6 comments

  • tombert 23 minutes ago

    The DEC stuff feels like a foreign country to me.

    Most of the world is powered by Unix (and its clones/derivatives), at least in the infrastructure space, with a small percent still running Windows Server for some masochistic reason. Outside of playing with OpenVMS exactly one time with qemu (purely because I kind of liked their goofy shark logo [1]), I've never used anything from DEC, but throughout the 80s my understanding is that DEC was a force to be reckoned with. I think there was probably more diversity in operating systems back then.

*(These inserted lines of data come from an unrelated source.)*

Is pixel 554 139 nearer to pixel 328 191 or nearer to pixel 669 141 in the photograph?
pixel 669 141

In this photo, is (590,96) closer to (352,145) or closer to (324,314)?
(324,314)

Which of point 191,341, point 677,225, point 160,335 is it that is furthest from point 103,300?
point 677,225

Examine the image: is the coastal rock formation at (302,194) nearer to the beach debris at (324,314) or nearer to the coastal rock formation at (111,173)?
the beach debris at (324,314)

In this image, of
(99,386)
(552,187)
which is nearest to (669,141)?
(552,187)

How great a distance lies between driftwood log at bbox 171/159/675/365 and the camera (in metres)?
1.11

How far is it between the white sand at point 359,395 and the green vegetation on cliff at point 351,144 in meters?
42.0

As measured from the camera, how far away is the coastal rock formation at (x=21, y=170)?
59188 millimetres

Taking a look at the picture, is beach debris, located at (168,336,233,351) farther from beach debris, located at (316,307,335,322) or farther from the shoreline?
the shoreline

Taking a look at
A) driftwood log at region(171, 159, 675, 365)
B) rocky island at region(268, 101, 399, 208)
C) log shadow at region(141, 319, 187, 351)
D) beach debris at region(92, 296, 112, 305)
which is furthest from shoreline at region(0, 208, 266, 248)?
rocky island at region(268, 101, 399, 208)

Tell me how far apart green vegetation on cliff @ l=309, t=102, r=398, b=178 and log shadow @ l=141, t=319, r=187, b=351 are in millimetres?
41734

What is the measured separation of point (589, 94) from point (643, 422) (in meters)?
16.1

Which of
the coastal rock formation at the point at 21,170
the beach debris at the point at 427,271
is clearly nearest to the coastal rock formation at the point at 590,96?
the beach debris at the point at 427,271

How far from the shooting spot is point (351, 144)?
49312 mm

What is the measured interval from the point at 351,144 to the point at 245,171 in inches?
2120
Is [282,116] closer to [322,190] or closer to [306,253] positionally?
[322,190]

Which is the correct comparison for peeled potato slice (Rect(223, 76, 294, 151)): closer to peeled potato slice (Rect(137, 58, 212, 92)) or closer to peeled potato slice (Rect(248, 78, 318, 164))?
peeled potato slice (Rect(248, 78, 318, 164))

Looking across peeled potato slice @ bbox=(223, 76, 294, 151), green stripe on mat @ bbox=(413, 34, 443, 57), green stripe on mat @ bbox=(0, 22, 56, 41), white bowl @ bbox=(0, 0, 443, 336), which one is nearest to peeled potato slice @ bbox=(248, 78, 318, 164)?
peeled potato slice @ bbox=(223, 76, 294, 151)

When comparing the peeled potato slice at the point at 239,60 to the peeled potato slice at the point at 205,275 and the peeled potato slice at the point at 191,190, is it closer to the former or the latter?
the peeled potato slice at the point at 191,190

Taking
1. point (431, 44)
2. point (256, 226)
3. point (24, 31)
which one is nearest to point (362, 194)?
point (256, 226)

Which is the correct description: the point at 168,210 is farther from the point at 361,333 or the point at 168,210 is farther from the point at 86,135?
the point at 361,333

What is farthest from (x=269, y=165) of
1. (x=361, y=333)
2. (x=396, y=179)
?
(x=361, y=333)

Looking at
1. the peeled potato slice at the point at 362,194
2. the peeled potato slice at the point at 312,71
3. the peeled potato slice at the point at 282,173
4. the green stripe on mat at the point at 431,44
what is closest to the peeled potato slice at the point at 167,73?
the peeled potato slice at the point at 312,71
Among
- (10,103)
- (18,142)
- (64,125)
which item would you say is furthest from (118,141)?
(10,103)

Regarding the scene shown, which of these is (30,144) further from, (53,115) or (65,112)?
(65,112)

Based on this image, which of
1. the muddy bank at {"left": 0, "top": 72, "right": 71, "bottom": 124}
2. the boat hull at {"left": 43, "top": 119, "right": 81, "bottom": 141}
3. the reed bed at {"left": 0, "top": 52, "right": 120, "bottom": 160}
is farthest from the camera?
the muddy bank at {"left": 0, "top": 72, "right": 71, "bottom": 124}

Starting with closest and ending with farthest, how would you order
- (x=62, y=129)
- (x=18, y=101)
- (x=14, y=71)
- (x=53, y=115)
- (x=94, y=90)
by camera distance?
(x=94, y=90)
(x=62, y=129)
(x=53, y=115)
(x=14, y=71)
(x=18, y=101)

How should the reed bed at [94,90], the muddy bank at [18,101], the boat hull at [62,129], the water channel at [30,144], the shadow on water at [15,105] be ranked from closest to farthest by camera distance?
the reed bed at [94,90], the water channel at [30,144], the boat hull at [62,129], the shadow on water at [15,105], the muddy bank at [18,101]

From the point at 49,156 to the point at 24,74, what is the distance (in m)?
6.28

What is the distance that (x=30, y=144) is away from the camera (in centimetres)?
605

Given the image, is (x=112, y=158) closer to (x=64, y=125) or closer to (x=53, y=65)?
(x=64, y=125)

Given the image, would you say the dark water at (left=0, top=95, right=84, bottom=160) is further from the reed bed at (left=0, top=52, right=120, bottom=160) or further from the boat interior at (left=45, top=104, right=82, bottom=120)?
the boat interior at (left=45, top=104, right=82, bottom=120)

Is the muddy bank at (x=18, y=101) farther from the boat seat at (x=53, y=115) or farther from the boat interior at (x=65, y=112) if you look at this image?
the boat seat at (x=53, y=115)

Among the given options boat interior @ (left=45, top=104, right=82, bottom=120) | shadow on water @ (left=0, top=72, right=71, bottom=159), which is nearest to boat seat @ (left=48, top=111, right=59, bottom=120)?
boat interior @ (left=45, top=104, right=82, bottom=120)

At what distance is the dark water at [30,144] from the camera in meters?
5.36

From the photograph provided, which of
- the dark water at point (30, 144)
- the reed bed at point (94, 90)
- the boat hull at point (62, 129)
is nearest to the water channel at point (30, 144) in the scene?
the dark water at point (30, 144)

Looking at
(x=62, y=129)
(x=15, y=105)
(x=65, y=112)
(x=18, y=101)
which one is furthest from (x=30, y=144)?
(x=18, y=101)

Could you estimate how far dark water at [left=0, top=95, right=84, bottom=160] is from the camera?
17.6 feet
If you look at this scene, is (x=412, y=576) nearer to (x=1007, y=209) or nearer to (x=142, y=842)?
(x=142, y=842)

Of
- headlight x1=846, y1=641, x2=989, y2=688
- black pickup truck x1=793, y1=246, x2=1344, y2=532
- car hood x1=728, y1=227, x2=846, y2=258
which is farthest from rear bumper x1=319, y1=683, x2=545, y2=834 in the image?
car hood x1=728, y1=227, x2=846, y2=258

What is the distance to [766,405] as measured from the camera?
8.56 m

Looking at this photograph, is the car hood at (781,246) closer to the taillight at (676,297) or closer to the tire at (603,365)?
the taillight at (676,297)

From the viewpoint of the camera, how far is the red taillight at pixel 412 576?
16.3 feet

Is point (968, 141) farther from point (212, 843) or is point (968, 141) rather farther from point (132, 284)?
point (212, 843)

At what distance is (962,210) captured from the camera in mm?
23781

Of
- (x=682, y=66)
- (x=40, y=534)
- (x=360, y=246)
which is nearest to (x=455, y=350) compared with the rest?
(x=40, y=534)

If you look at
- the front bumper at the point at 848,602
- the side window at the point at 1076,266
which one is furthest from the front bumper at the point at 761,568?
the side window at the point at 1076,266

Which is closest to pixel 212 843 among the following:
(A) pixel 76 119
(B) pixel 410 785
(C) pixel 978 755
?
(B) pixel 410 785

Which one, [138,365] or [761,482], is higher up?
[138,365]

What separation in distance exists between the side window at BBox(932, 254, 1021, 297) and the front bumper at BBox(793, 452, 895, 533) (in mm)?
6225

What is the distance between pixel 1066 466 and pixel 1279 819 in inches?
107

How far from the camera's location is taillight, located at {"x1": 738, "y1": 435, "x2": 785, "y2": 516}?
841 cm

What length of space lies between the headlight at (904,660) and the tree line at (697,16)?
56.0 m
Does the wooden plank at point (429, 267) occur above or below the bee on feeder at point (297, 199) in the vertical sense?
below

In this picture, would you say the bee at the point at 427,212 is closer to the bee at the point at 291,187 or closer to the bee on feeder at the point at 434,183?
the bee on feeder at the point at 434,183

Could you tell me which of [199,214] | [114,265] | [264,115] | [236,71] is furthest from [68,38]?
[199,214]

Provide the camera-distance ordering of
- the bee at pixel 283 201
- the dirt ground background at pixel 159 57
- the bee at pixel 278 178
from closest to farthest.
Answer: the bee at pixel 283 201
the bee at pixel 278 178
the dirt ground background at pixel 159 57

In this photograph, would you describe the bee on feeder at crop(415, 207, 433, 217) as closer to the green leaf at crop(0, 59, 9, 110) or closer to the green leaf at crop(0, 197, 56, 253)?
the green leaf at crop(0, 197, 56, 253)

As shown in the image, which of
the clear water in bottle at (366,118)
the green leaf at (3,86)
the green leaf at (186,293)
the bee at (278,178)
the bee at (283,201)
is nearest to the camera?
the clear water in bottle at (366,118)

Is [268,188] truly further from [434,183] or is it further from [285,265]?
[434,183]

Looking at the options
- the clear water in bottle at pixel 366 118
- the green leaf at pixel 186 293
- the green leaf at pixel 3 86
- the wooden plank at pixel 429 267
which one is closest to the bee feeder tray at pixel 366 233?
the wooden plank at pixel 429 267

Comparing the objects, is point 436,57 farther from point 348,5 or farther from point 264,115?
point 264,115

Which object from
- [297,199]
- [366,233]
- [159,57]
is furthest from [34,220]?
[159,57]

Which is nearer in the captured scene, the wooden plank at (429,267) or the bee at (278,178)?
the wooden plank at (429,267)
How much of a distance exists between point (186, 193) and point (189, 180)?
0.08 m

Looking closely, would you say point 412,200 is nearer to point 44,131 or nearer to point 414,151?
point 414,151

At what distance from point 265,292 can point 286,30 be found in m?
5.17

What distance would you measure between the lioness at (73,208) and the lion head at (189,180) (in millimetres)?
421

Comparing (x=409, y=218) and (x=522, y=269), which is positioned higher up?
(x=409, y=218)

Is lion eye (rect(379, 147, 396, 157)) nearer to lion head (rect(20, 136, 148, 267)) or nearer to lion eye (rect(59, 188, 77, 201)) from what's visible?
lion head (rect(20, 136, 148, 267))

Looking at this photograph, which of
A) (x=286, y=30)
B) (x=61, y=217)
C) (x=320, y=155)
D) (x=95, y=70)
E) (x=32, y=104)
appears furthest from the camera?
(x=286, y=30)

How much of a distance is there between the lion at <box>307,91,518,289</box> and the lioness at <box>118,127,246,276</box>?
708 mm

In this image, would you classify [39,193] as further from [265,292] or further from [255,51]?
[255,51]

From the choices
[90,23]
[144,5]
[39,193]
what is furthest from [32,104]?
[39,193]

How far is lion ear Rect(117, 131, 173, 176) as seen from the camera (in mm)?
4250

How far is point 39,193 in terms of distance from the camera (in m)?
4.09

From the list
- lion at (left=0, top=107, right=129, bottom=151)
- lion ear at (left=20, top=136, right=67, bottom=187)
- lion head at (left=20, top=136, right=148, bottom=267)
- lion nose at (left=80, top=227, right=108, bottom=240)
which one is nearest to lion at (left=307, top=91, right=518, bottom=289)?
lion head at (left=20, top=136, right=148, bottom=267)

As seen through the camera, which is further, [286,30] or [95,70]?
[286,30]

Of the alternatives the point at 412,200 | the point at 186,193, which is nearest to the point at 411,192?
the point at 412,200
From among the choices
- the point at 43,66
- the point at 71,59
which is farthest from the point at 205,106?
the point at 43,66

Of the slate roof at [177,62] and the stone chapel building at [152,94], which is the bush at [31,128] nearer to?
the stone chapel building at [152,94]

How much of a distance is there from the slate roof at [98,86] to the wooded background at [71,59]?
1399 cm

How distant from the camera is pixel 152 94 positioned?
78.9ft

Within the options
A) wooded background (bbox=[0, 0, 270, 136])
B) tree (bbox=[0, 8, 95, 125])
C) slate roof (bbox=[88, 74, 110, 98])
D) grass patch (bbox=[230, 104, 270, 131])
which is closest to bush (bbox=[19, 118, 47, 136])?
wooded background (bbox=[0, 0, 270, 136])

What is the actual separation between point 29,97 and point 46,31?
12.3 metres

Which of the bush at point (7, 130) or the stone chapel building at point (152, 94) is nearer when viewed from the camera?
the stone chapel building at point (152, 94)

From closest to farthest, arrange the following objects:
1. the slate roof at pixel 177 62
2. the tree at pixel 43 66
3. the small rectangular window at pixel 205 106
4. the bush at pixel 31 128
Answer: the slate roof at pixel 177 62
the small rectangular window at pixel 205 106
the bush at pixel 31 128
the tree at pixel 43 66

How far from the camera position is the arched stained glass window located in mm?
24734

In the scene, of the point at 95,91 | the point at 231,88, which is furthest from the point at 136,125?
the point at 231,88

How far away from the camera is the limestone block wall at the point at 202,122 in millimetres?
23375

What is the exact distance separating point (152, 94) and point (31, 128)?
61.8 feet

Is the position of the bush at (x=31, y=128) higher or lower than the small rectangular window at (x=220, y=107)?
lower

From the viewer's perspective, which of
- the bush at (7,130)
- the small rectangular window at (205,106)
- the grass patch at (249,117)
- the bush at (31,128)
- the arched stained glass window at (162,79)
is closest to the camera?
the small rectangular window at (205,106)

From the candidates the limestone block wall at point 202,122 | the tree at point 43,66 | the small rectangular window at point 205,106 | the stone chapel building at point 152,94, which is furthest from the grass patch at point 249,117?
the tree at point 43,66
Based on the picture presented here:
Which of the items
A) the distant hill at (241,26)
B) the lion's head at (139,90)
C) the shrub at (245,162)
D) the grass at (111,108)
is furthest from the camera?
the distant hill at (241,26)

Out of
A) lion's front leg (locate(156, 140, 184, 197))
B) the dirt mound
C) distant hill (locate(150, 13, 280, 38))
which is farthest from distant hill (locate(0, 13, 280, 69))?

    The DEC stuff was huge for a period of time, and I feel like there's an alternate universe where VMS and VAX stayed the standard, and Unix is the footnote. I'm not sure that universe would be better, there's probably a reason that Unix won overall, but it's not like DEC and VAX were tiny things.

    [1] https://upload.wikimedia.org/wikipedia/commons/7/72/Dec-vms-...

    • voidfunc 17 minutes ago

      Think of Windows NT as the spiritual successor of VMS and it never really went away.

      Sort of like if Plan 9 had succeeded Unix.

      • tombert 7 minutes ago

        Interesting, I hadn't thought of it that way; I didn't realize that NT shared ancestry with VMS.

    • commandersaki 18 minutes ago

      Outside of computing proper, DEC had a massive influence on networking too.

  • intrasight 23 minutes ago

    Flashback to DEC VT-100s in the CMU graduate student terminal room.